»»

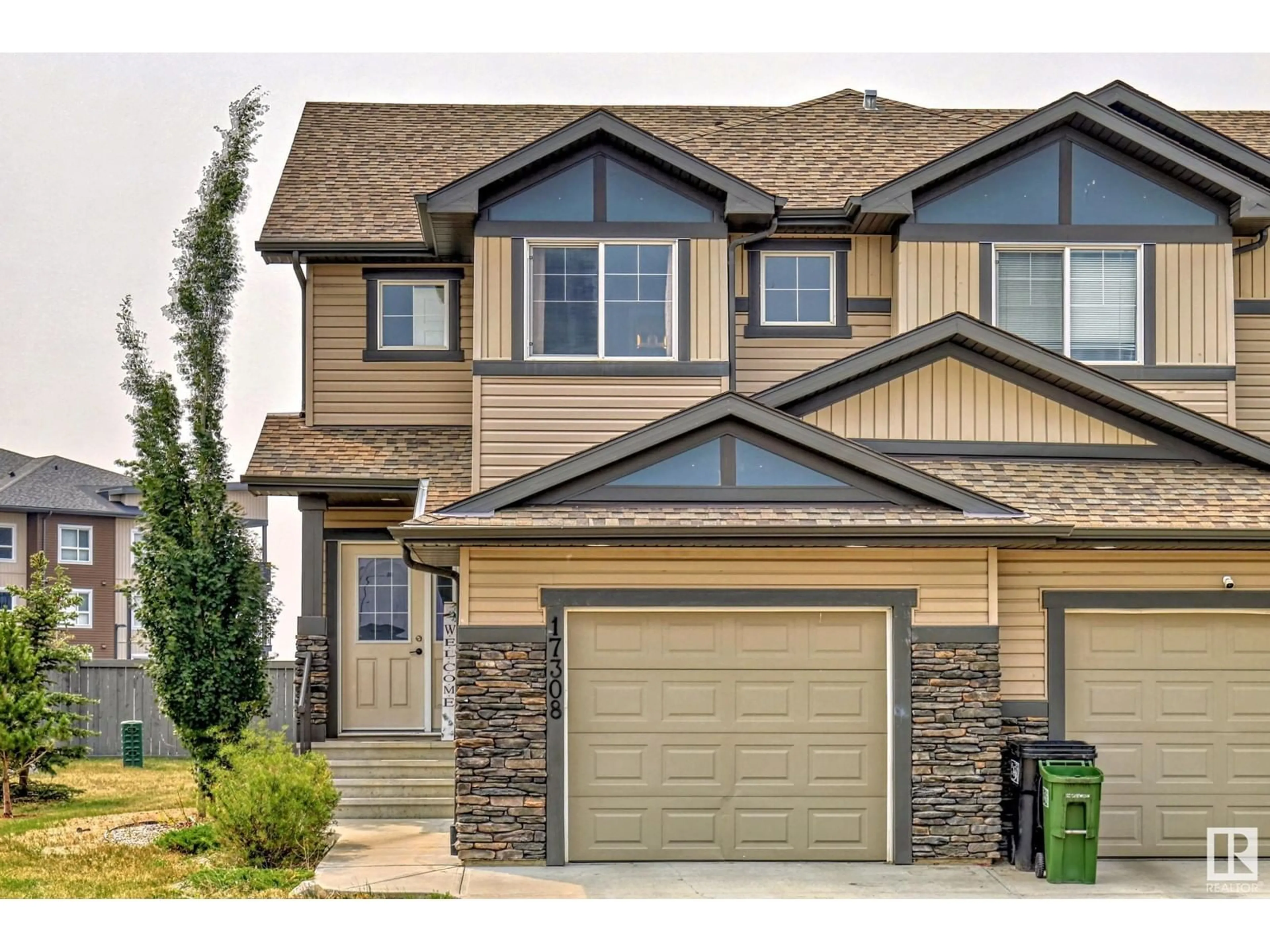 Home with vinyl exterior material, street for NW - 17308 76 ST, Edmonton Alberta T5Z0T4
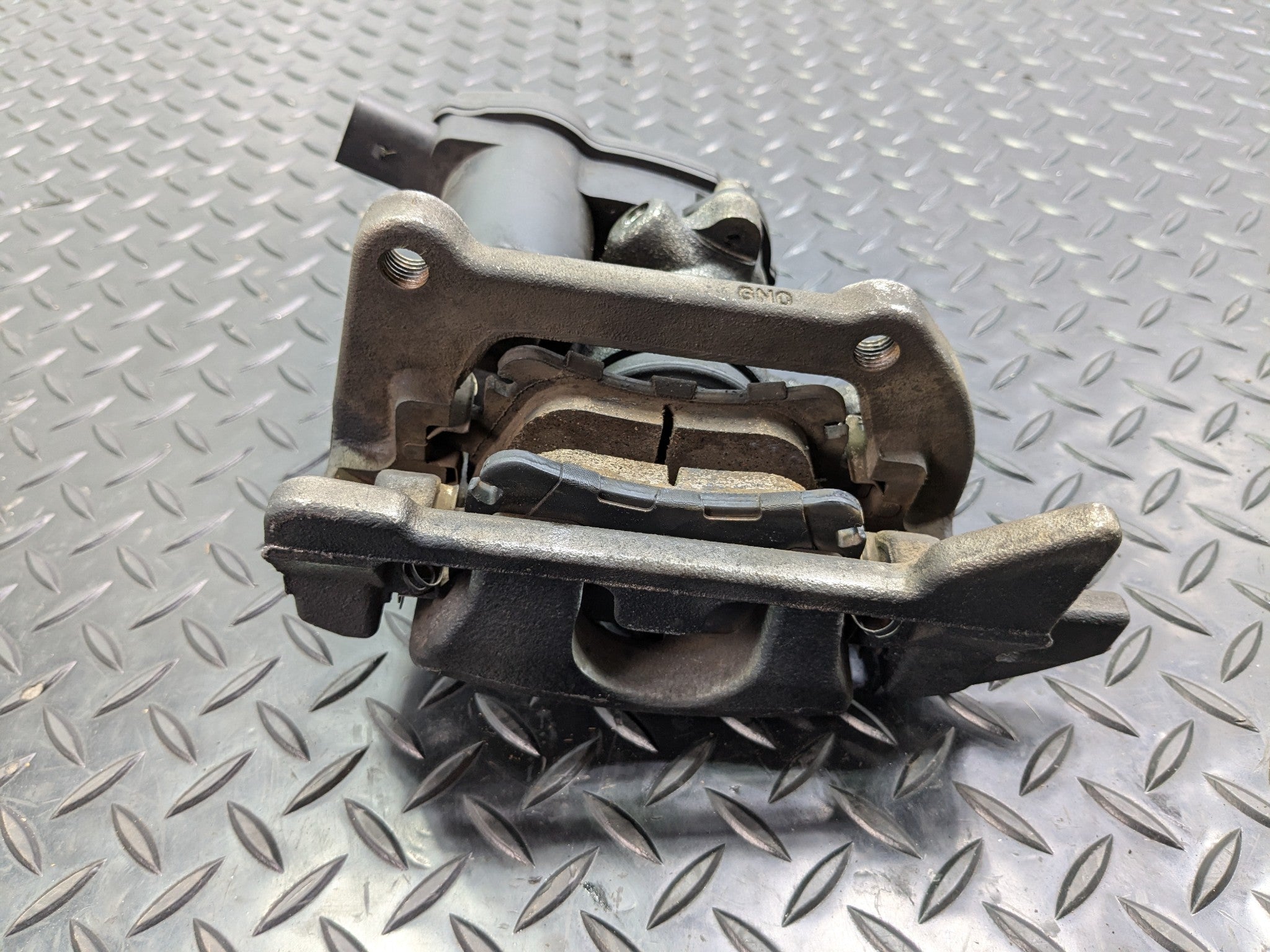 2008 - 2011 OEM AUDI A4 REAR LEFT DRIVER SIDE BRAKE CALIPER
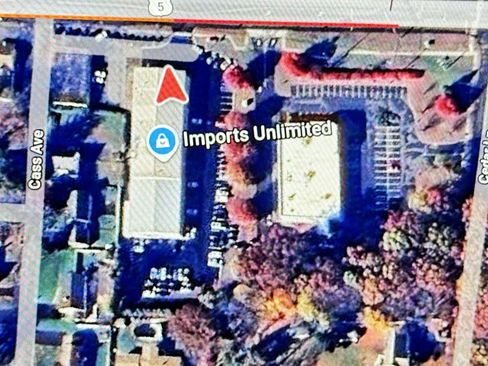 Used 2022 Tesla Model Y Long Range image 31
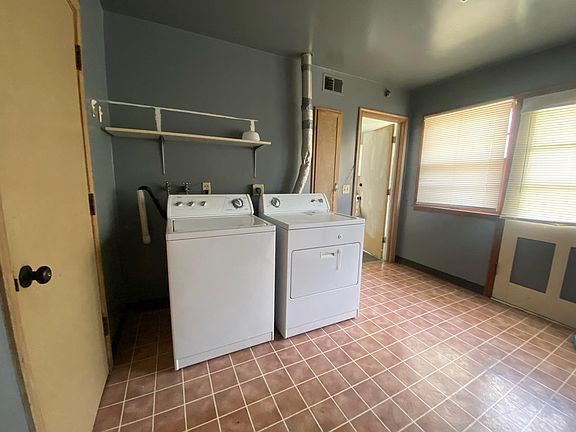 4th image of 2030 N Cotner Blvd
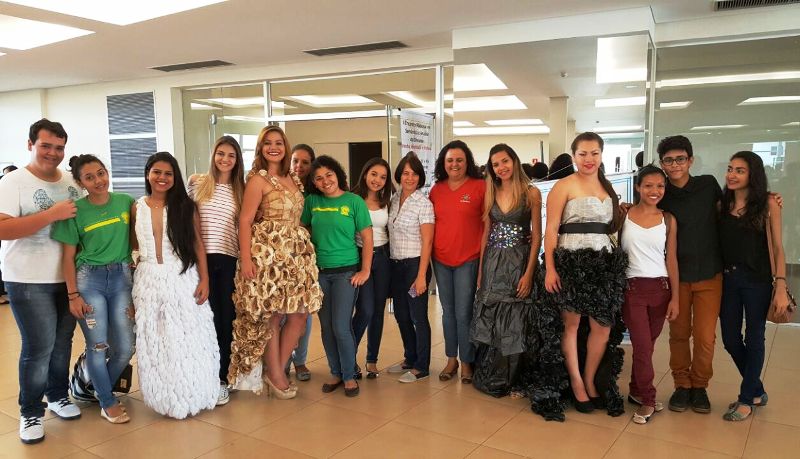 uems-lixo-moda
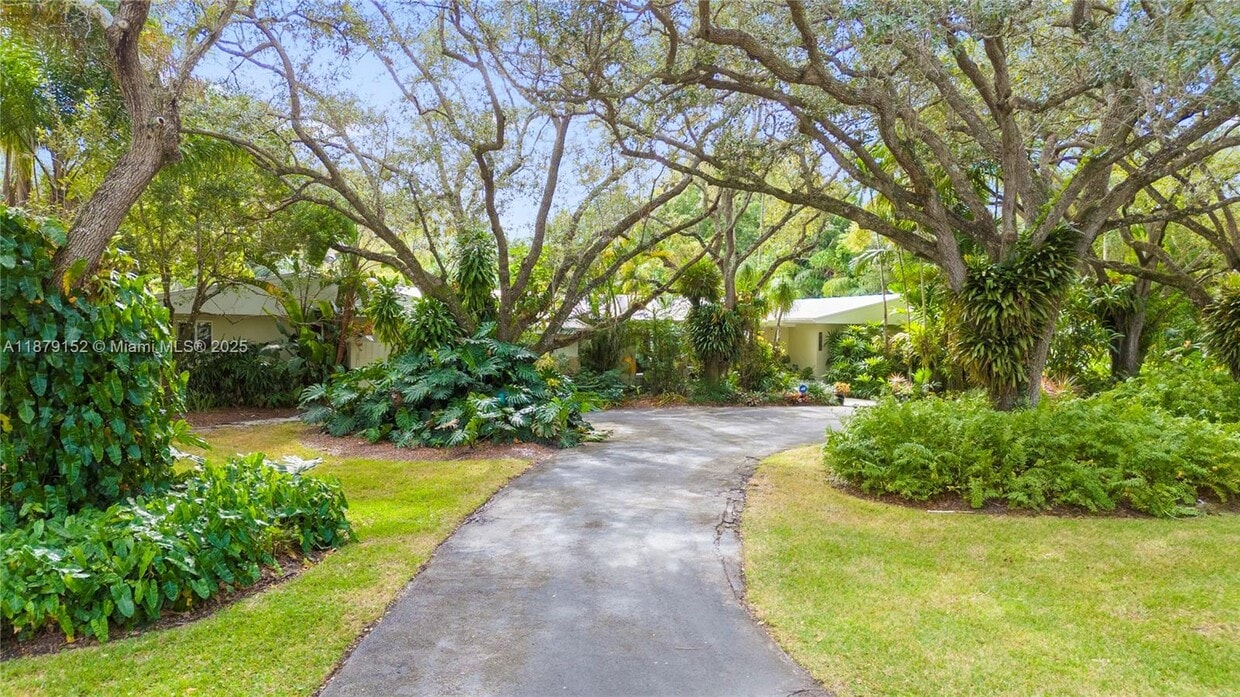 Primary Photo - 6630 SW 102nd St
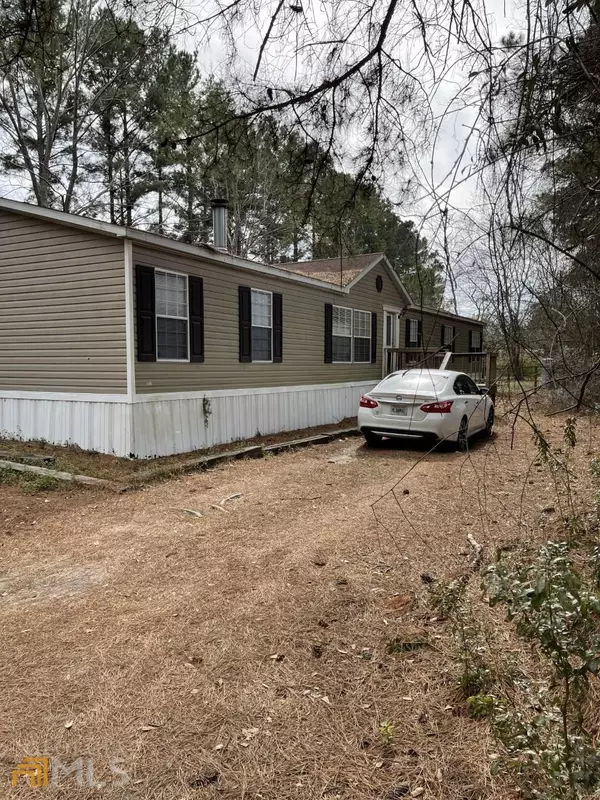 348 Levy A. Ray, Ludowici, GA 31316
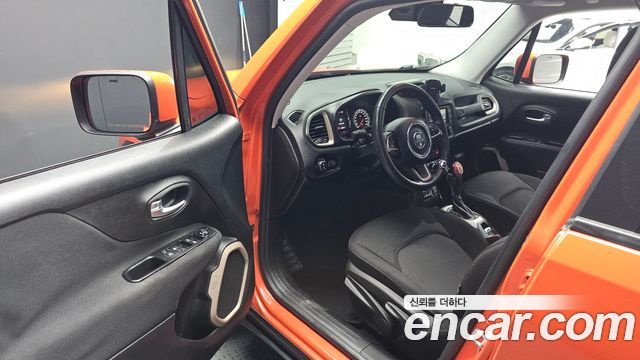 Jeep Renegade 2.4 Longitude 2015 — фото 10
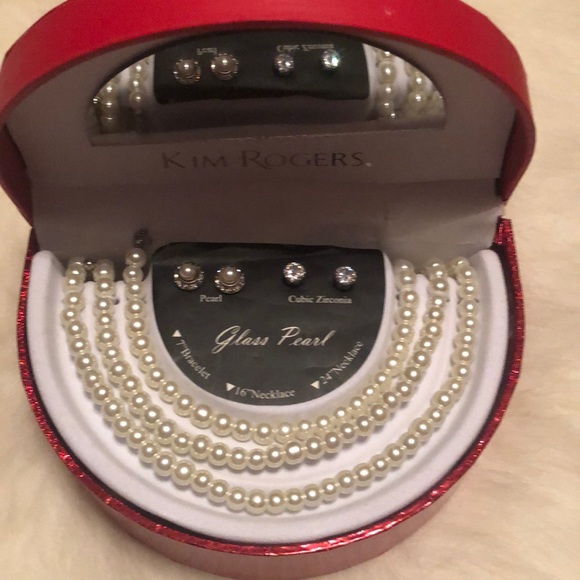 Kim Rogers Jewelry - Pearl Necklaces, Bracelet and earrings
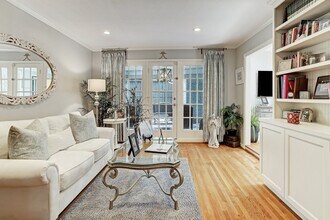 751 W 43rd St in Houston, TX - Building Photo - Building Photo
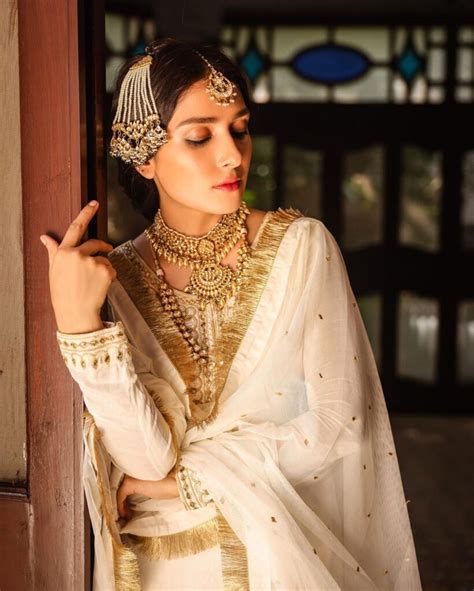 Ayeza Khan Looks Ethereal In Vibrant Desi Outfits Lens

««

* Task to carry out: Without changing a word, transcribe all of the data and omit its images.

* Solution to this exercise:
 Home with vinyl exterior material, street for NW - 17308 76 ST, Edmonton Alberta T5Z0T4
 2008 - 2011 OEM AUDI A4 REAR LEFT DRIVER SIDE BRAKE CALIPER
 Used 2022 Tesla Model Y Long Range image 31
 4th image of 2030 N Cotner Blvd
 uems-lixo-moda
 Primary Photo - 6630 SW 102nd St
 348 Levy A. Ray, Ludowici, GA 31316
 Jeep Renegade 2.4 Longitude 2015 — фото 10
 Kim Rogers Jewelry - Pearl Necklaces, Bracelet and earrings
 751 W 43rd St in Houston, TX - Building Photo - Building Photo
 Ayeza Khan Looks Ethereal In Vibrant Desi Outfits Lens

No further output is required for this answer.